Glass is both half full and half empty
GLASSES can either be half full – or they can be half empty, depending on one’s temperament: optimist or pessimist. But when it comes to economic conditions, and prospects for investments, jobs, incomes and growth, there is enough material to make both sides happy. My own take is moderate medium-term optimism, combined with longer-term pessimism. Another debt and macroeconomic crisis is brewing, but there are also plenty of good things going on in the world.
Let’s first look on the bright side. Surveys show that G7 economic activity in the coming months will be strong. It remains to be seen how much the UK rebounded in the first-quarter, but growth is back, despite falling take-home pay and retail sales. The global economy remains solid, despite a slowdown in China, the Eurozone’s woes, the geopolitical crisis in North Africa and the Middle East and Japan’s nuclear catastrophe.
American credit constraints are easing, with banks increasingly able to lend, as Ian Harwood, an advocate of the bullish case at Evolution Securities, points out. This is documented by Fed loan officers’ surveys, PayPal small business lending data and the monthly NFIB survey (now at its highest since the start of 2008).
In the US, payrolls growth has firmed (despite a setback yesterday), unemployment has begun to dip and there is less talk of a jobless recovery (though there is still a huge way to go and millions fewer jobs than there once were). In Britain, the private sector is creating far more jobs than are being cut by the state. March’s UK composite purchasing managers index showed the strongest jobs growth since October 2007. Companies are generating cash and profits. Business investment and employment are rising. Margins are being squeezed by commodity and oil prices, but earnings and revenues are still growing.
So much for the bullish case. There is also plenty of depressing news. In the UK, inflation remains too high, which is cutting wages, consumer spending and hitting the public finances. Voters seem unaware that interest rates will eventually have to rise as monetary policy is normalised. The sovereign debt crisis in the Eurozone’s periphery is intensifying – and while Barack Obama is finally trying to cut the massive US budget deficit, neither he nor the Republicans seem really serious about acting. Eventually – perhaps in ten years’ time – the US will either have to act or face a crisis that will make the sub-prime debacle look like a walk in the park. Closer to home, three-year yields on Greek debt hit a monstrous 18 per cent yesterday. Greece will eventually have to default on part of its debt. But the fact that this could happen before new European procedures are in place in 2013 means that there will be no mechanism for a forced restructuring. It would have to be “voluntary”, which will be interesting.

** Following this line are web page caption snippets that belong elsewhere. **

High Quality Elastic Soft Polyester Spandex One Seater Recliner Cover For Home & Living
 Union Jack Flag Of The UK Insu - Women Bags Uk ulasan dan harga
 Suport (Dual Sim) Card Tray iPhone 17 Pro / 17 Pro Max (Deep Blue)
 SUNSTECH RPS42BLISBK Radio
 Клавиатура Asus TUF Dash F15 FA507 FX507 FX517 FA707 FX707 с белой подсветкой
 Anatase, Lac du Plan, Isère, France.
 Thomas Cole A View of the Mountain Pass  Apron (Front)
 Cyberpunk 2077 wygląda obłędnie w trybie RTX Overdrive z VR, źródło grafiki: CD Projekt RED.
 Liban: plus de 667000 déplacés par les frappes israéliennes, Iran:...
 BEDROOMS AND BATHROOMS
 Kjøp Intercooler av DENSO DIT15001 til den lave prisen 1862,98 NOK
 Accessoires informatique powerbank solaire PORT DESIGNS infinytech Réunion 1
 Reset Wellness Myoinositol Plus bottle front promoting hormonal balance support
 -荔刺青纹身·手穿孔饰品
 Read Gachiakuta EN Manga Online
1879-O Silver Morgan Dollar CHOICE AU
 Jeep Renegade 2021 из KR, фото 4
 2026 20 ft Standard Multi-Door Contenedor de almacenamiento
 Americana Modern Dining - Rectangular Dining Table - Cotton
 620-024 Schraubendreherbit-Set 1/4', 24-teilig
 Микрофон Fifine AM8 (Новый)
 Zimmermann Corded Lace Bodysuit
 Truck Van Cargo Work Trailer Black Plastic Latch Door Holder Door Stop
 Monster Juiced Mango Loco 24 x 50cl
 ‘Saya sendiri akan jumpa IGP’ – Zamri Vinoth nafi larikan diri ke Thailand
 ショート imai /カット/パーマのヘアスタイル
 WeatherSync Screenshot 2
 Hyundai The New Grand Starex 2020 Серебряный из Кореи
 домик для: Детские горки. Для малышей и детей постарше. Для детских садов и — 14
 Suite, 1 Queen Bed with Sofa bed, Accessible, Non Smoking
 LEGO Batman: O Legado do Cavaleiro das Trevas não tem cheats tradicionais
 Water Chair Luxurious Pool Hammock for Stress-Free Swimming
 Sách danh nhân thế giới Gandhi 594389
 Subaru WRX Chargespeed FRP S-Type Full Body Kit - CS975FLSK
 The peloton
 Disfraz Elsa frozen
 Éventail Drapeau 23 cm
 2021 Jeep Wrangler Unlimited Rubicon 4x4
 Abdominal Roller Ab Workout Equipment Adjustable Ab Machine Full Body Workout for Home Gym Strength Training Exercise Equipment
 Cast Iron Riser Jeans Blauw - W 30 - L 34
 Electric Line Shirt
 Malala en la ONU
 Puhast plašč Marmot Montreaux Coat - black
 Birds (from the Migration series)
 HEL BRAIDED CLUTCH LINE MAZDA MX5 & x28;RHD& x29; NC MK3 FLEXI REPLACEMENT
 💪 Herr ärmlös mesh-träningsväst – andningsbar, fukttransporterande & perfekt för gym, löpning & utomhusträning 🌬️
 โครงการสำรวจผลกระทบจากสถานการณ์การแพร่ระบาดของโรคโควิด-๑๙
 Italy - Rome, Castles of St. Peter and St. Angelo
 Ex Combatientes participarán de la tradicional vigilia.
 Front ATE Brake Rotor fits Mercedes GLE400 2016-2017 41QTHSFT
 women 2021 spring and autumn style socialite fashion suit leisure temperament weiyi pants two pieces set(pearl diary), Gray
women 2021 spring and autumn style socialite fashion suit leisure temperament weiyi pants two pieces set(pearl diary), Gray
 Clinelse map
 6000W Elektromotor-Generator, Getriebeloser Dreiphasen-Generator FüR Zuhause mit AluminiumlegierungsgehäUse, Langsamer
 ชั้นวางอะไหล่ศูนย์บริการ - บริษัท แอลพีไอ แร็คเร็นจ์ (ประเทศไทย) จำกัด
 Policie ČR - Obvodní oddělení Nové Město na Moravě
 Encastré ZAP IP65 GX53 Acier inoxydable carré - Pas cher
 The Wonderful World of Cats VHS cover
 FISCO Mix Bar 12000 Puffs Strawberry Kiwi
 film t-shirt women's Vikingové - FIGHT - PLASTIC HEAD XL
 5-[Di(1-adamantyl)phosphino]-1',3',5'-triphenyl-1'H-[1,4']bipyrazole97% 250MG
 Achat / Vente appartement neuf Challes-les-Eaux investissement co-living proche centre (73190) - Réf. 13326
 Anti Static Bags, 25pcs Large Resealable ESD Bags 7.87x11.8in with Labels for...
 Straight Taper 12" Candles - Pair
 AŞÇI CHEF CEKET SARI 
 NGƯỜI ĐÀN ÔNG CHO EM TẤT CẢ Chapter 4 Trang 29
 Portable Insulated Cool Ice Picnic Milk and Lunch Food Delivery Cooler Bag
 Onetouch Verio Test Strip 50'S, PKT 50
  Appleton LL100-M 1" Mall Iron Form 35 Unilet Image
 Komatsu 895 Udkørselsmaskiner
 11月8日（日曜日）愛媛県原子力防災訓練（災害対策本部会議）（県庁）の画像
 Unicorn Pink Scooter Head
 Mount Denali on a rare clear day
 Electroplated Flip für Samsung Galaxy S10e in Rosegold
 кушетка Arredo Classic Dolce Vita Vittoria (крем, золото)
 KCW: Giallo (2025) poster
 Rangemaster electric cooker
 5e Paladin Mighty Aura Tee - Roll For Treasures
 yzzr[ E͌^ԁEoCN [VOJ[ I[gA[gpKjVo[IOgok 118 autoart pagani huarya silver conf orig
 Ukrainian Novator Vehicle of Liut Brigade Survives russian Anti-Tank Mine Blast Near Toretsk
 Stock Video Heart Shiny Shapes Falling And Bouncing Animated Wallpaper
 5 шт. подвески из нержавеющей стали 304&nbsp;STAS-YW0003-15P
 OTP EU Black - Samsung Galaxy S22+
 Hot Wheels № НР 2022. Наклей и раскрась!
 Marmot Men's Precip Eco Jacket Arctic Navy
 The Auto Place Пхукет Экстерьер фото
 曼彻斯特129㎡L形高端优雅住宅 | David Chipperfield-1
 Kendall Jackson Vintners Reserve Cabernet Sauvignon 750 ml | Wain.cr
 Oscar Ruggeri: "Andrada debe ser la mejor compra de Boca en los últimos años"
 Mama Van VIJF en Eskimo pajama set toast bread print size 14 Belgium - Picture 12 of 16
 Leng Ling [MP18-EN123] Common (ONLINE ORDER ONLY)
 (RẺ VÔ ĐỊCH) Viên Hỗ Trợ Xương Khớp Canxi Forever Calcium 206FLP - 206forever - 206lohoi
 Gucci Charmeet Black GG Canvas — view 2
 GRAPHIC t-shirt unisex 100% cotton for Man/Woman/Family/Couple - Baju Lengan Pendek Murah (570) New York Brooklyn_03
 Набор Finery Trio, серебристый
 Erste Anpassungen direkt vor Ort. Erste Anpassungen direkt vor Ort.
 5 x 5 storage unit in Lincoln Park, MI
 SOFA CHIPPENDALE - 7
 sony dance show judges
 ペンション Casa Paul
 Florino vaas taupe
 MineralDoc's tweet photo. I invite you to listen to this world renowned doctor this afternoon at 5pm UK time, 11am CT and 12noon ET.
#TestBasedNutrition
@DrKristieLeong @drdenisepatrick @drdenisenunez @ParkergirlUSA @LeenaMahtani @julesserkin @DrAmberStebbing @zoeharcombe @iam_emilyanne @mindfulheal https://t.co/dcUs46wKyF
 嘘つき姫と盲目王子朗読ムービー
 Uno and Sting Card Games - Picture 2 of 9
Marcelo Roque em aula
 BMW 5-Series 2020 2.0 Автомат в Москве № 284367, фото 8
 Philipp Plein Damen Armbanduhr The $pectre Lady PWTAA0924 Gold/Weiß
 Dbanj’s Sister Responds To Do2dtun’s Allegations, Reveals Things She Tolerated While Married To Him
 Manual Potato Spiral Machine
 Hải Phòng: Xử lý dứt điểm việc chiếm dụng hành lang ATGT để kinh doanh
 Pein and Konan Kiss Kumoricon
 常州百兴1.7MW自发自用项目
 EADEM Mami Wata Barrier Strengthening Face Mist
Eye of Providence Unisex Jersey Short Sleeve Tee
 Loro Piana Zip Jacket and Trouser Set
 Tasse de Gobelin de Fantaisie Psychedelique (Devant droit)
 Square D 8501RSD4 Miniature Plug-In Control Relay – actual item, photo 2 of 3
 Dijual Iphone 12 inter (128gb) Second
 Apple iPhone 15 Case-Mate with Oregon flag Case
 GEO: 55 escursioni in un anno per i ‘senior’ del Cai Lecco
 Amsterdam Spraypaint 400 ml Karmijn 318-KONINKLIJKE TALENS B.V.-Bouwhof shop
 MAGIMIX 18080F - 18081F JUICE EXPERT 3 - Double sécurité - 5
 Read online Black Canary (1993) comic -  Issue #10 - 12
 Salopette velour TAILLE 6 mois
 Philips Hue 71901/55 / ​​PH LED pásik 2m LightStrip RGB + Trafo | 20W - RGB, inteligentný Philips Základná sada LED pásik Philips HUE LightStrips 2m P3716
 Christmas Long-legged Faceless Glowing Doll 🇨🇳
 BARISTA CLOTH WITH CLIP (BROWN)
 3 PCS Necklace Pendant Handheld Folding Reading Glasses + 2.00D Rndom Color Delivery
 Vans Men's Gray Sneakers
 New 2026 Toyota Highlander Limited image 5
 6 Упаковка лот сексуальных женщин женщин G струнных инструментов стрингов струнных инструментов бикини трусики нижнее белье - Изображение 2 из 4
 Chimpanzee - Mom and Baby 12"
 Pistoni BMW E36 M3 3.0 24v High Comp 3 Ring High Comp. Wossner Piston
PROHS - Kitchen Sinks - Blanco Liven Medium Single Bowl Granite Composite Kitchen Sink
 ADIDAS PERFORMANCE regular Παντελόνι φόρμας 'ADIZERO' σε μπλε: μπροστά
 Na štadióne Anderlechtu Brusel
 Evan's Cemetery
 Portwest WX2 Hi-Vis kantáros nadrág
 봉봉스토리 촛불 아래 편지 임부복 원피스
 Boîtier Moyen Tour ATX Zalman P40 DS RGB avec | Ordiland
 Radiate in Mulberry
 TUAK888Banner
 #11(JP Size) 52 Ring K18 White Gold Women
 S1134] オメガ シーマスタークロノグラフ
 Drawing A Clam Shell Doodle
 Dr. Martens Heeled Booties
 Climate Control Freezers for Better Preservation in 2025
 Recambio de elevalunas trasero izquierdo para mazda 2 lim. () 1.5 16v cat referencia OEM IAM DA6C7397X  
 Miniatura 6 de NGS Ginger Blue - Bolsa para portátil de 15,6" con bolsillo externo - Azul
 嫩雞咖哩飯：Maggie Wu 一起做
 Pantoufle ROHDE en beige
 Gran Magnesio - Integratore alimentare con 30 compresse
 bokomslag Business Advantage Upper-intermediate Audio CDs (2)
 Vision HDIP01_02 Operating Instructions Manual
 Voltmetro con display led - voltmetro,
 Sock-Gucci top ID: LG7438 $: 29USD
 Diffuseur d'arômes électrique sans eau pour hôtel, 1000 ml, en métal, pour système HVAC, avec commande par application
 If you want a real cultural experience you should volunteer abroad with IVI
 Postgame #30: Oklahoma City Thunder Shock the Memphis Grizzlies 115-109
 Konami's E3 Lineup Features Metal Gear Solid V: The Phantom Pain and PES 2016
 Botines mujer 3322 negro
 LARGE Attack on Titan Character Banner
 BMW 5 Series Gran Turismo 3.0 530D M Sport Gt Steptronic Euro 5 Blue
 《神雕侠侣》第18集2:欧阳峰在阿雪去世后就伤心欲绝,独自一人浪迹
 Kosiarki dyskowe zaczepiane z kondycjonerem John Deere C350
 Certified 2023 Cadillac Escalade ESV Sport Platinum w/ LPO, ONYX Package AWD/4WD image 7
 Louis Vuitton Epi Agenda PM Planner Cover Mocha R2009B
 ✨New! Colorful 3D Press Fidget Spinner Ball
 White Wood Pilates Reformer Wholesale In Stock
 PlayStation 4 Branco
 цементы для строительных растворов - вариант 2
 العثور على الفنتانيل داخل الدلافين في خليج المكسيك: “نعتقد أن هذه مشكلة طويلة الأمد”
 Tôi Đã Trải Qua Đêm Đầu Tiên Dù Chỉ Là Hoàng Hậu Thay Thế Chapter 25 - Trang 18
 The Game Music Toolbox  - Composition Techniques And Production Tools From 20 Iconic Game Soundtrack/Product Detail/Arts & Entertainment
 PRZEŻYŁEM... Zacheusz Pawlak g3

Last but not least, China’s forex reserves soared 24 per cent over the past year to $3.04 trillion, with the cash recycled into securities, pushing down yields on US and other government debt and stoking future bubbles. This very process was one of the key drivers of the boom and bust – yet nothing has changed. The reserves will come in handy when Beijing eventually sorts out the Chinese banking system, which is nursing lots of bad debt – but in the meantime the much-needed repricing of credit and risk is not taking place. Have a great weekend.